先日同業者ないの勉強会があり、その懇親会の席で、工学屋・土質屋さんは時間的背景を気にしない、発達史的背景を考えずいまこそこにあるままに解析してしまうから、数値だけがひとりあるきしやすいといったことを話しました。別にこのような話は、今回初めてきいたわけではなく、お酒が入ると必ずと言っていいほど出てくる地質技術者の定番のグチのひとつです。

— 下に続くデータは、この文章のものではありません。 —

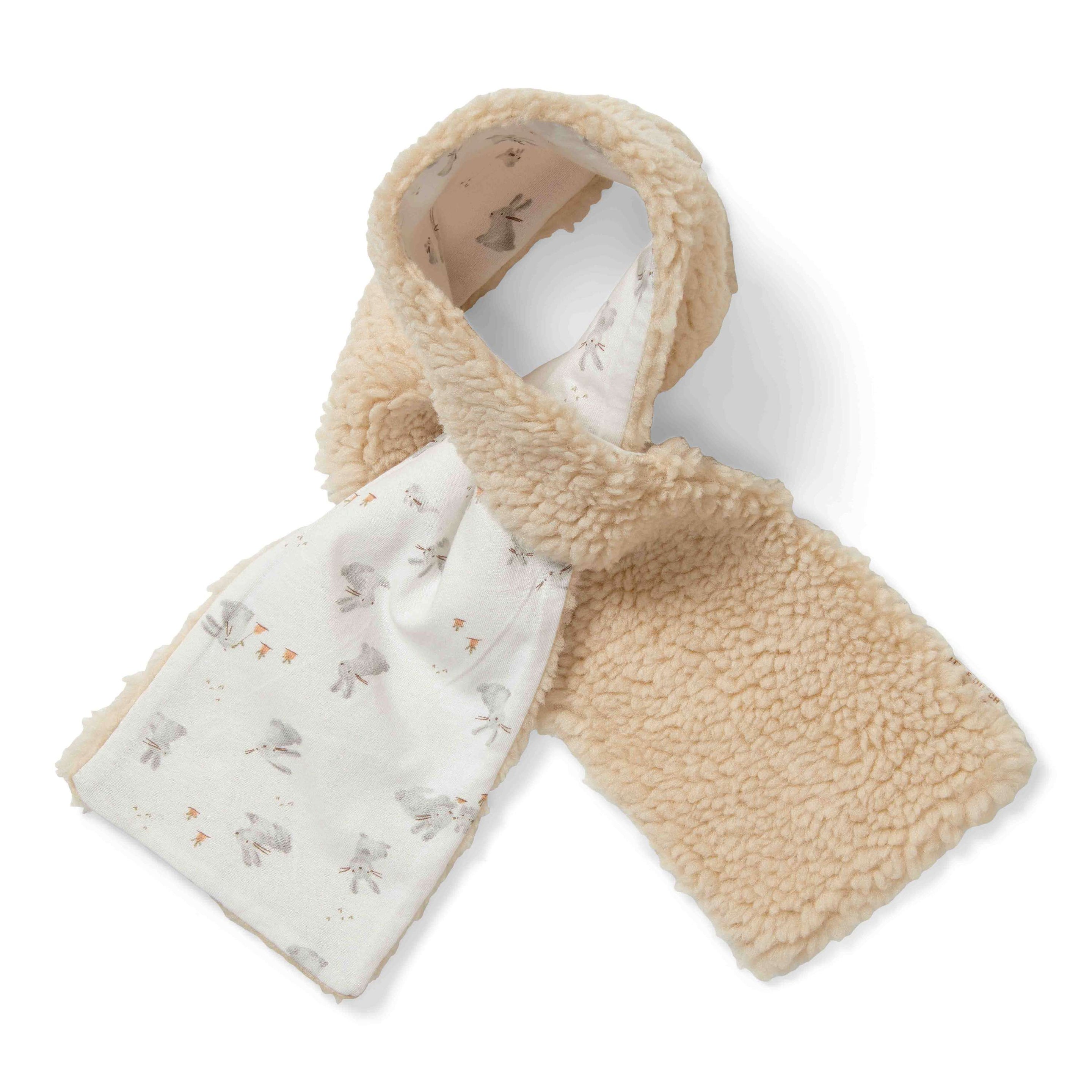 * Little Dutch Teddy sjaal | Sand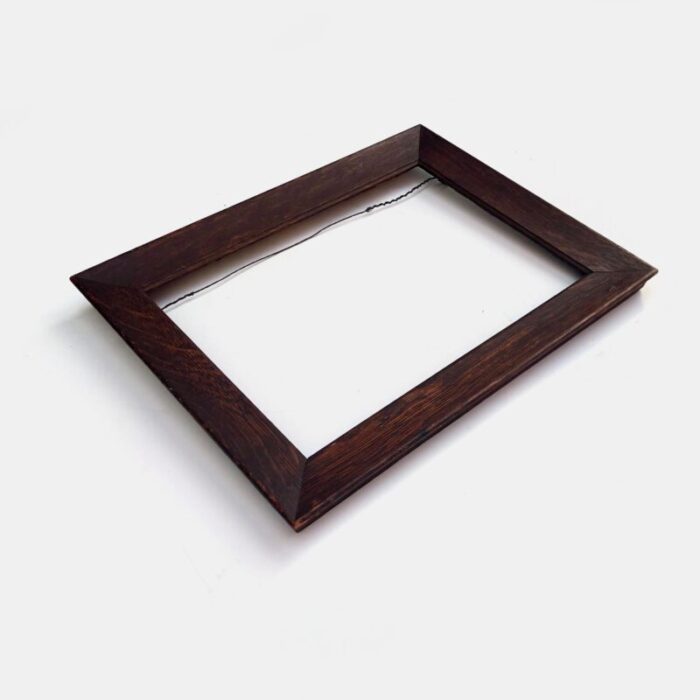 antique wood frame 9351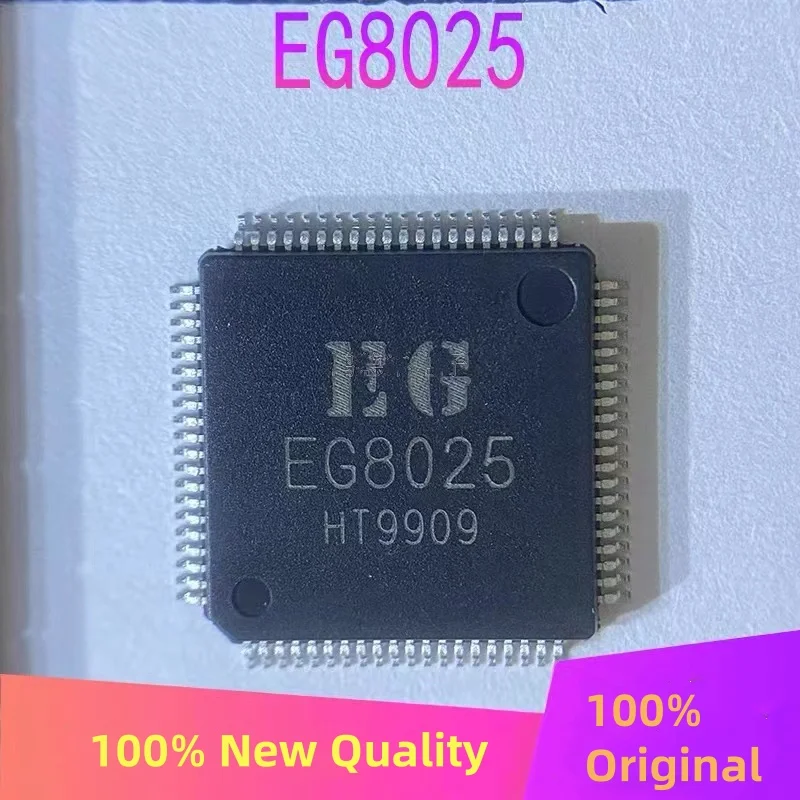 

2PCS 100% New EG1615 LQFP-64 EG8025 LQFP-80 Brand New Original Chips ic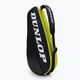 Dunlop D Tac Sx-Club 3Rkt borsa da tennis nera e gialla 10325363 4
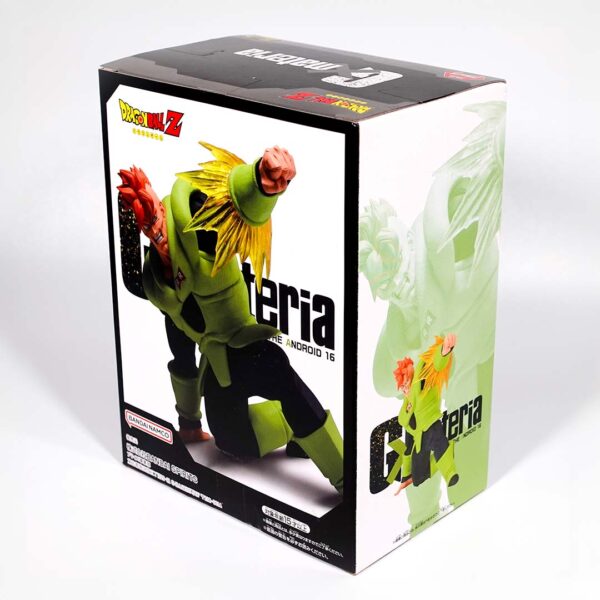 Dragon Ball Z Gxmateria Androide Número 16 Brazo Proyectil - Imagen 4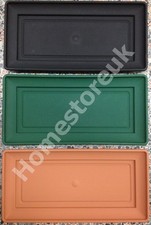 PLASTIC BASE DRIP TRAY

そんななか、以前読んだ『環境・資源・エネルギー問題解決のための独創エネルギー工学』西澤潤一編著、を読み返してみました。http://www.kspub.co.jp/book/detail/1552265.html
そのなかには、「発展途上国にとっては、二酸化炭素の排出そのものにまだ罪悪感がなく、、、」といった言葉、また、「水力発電の復活と実用化」の項では、「いよいよ、水力発電を全世界的に体系的に実用化しなければならなくなったと考えられる。東南アジアからヒマラヤのガンジス・インダス河上流の包蔵水力は甚だ大きく、このような真の水力を活用することによって、現在利用されず捨てられているエネルギーを利用することが出来る。(略)なんとか早く水力発電を全世界に建設し、長期直流高圧送電によって世界の危機を回避しなければならない。
私なんかはこんな文章をよむと、地震は、地すべりは、活断層は、、、と条件反射的に考えてしまいます。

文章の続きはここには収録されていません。